Hi Sven,
to begin with, I am really flattered you want to choose between SfePy and Fenics :)
It is sure that I would like you to use SfePy and help improving it by doing that, but if you need something that works right now, I would suggest you to use Fenics. Frankly, that project is a different league in terms of the project size, visibility, functionality (parallel, automatic differentiation, ...)), etc.
But if you would like to help a project with much lower line count, and, as such , (big IMHO) more graspable, be sure of our support.

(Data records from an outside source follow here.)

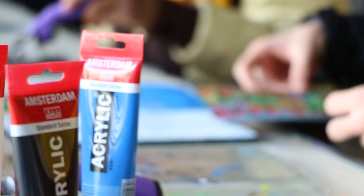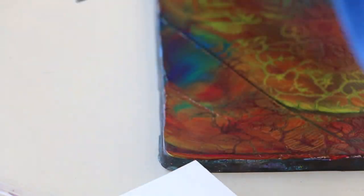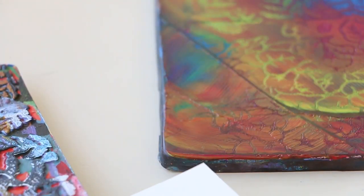Art One is all about discovery and getting to know yourself in art. This is called printmaking and we use jelly plates, which are a rubbery flexible plate that you can print multiple times on.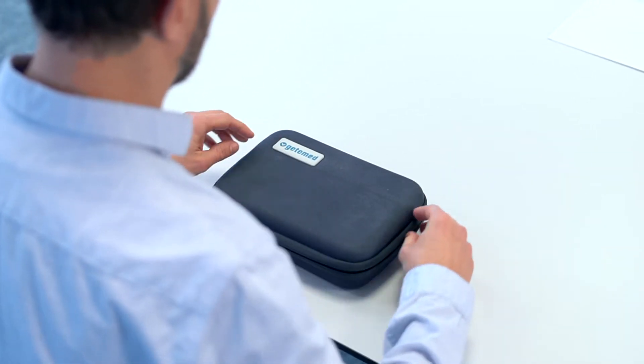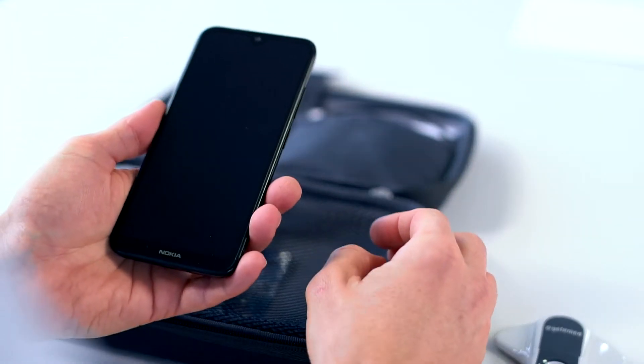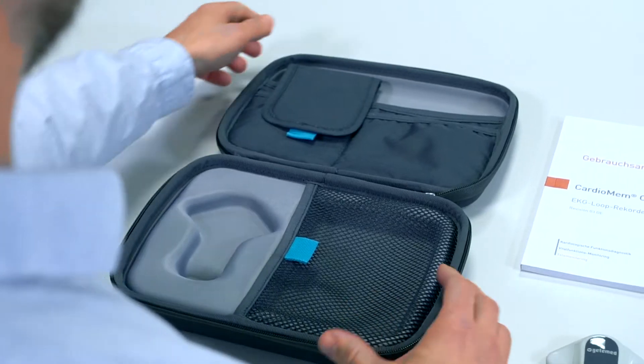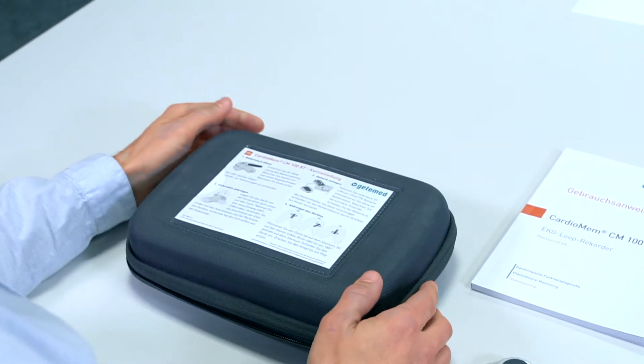The CM100XT kit comes in this case, which contains the recorder, the smartphone with its charging cable, a battery, and the instructions for use. Brief instructions on how to use the recorder are given on the back.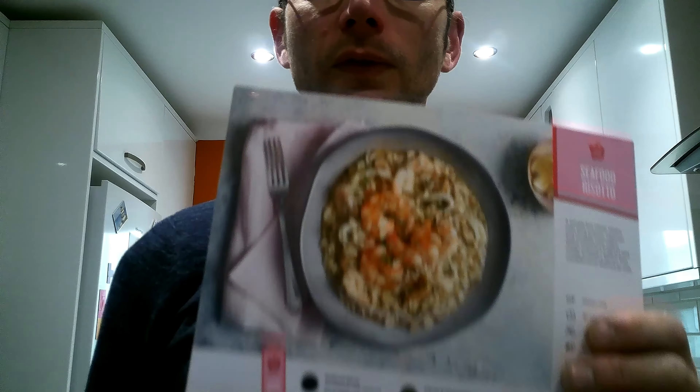Hi everyone and welcome back to my channel. Welcome to my channel if it's your first time here. Today we're going to be doing the third of four recipes in the Simply Cook subscription box that I reviewed in the first video along with the first recipe. This is the third recipe of four, so there's one more to come — look out for that.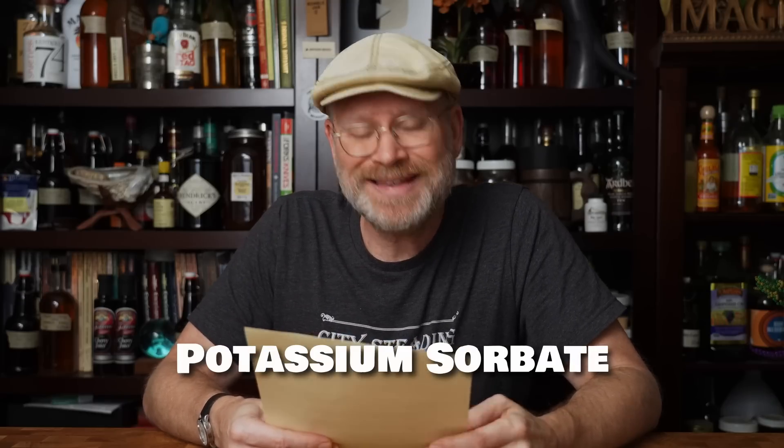Potassium sorbate is a preservative used in conjunction with potassium metabisulfite to stabilize your brew — and you need both. A lot of people think you can just add sorbate alone or just Camden tablets alone, but not really. You need them both to truly stabilize a brew. Together they prevent the yeast from multiplying and growing, therefore halting fermentation. Something to note: this method does not kill the yeast. They are actually still alive, just unable to reproduce and having trouble metabolizing sugars into alcohol.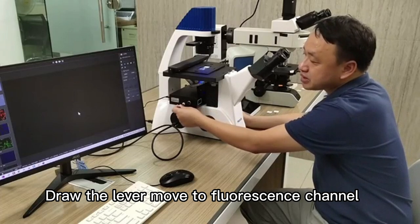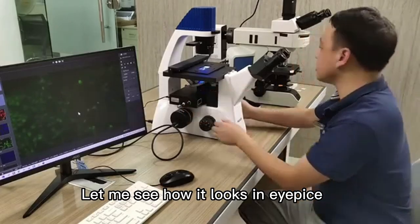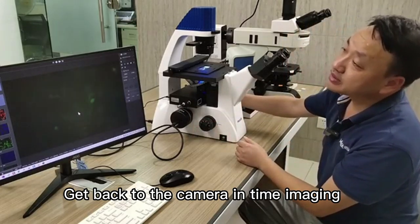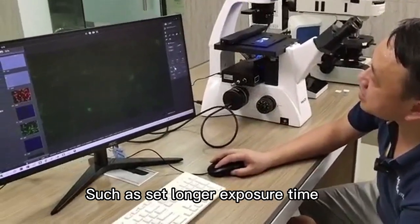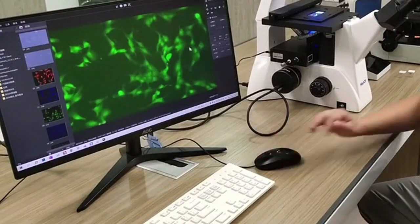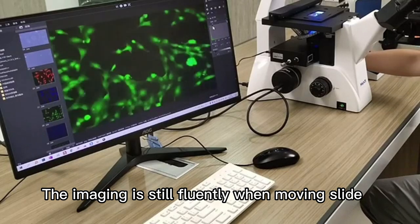There is a digital screen to show light intensity. Draw the lever to move to the fluorescence channel. Now it is the blue channel, where you can see green color fluorescence. Light intensity on the digital screen shows 90%. You can find the area you want to see quickly, then get back to camera for live imaging and get focusing. Fluorescence signal is weak, but we can make it brighter with the software that comes with the camera, such as setting a longer exposure time. Now I have got the correct brightness. Also by adjusting the histogram in the software, you can get a more pure background — the function is like black balance. The imaging remains smooth when moving the slide.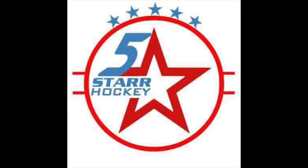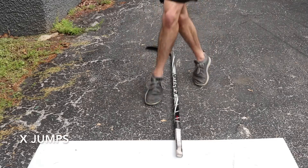Hey, welcome back. We've got another stick handling drill for you. This one is kind of an agility mixed with a stick handling drill, and I like to think of Connor McDavid with this one.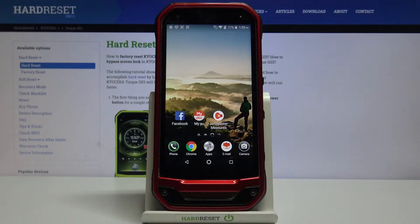Hi everyone, here we've got the Kyocera Torque G03 and let me show you how to add a fingerprint to this device.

I address your points below below...
On Sun, 5 Jun 2011, KASSBOHM wrote:
Hello all,
does anybody know both Fenics and SfePy quite well, so that he/she can advice where I should rather spend my time: Either with Fenics or with SfePy? Or should I rather ask: With SfePy or Fenics? :-)
I am interested in:
I do not know Fenics too well, but all the points are IMHO feasible. With SfePy...
- programming elements to meet a specific purpose
yes, depending what "specific purpose" means
- programming material laws
yes
- solve both academic and real-world problems (mostly nonlinear-structural)
yes and maybe (see below)
- exploiting parallel processing for FEM
we definitely need that, but it's not implemented yet. This limits, of course, the real-world problem size.
Looking forward to your response. Sven
Cheers! r. PS: I hope I did not ward off any potential SfePy contributors... :)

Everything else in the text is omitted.